Gritos horripilantes acompanham esta criatura. Que passeia pelos matagais berrando, com urros que parecem muito distantes em alguns momentos, e muito próximos em outros. Os gritos penetrantes desse homem bestial enlouquecem e amedrontam as pessoas. Sons tão familiares, que em alguns momentos os berros parecem vir de amigos ou parentes, fazendo com que os caçadores e viajantes saiam em busca da origem dos urros e acabem perdidos. Atordoados, encontram um único vestígio, pegadas profundas na terra, em formato circular, como um fundo de garrafa.
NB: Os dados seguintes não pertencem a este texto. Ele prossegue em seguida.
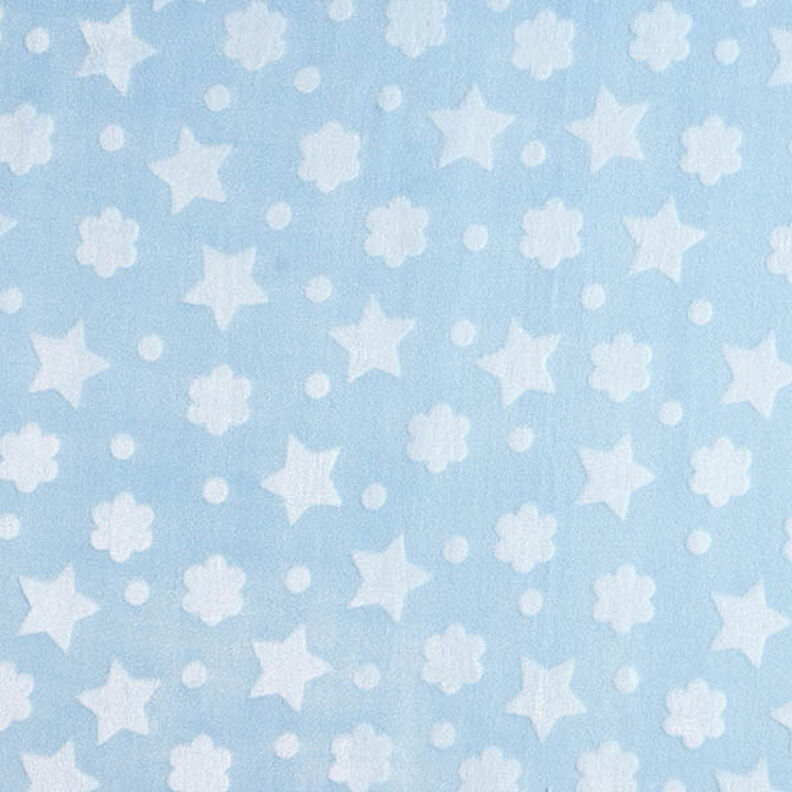 Hebký fleece Hvězdy a květiny – světle modra,  image number 1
Essa é a situação descrita por aqueles que encontram o misterioso Pé de Garrafa. Lenda bastante difundida no Piauí, ela também é contada no Mato Grosso, como uma variação do Mapinguari e Capelobo. O Pé de Garrafa também pode ser mencionado em Minas Gerais, embora exista uma certa imprecisão de informações nesse estado, associando-o com a lenda do Bicho-Homem, podendo se tratar de uma variante, uma mescla ou exatamente da mesma criatura.
Suas descrições variam bastante de acordo com cada região. Uma criatura humanoide e coberta de pelos, exceto na região do seu umbigo branco. Ora é bicho, ora é homem. Possui um chifre e um único olho no meio da testa, podendo ser retratado com um ou dois braços, acompanhados de poderosas garras. Sua principal característica é aquela que o batiza, o pé redondo em forma de garrafa. Alguns relatos dizem que tem duas pernas, mas na maioria das vezes é citado com uma única perna no meio do corpo, assinalando suas pegadas ao saltitar pelas matas.
Há quem faça ligações entre o Pé de Garrafa e o Diabo, por conta do seu chifre, garras e membro inferior deformado. Devido a isso, alguns dizem se tratar de um ser demoníaco, porém, suas outras características denotam origem indígena, não cristã. Os mais temerosos acreditam que o monstro devore ou aprisione a alma de sua vítima em seu pé.
É muito raro alguém vê-lo, mas caso alguém presencie a criatura, recomenda-se que tampe os ouvidos e atravesse um ponto de água corrente, pois o pesado monstro ficará preso na lama do fundo do rio. O Pé de Garrafa também pode ser abatido caso alguém acerte um tiro no seu umbigo. Não há provas de que tenha feito algum mal físico, mas não é descartado que alguns ataques cruéis – como os do insaciável Bicho-Homem, em Minas Gerais – sejam diretamente atribuídos ao Pé de Garrafa. Perturbador de caminhos no Mato Grosso, inofensivo no Piauí. Aparentemente ele apenas se diverte apavorando e confundindo as pessoas.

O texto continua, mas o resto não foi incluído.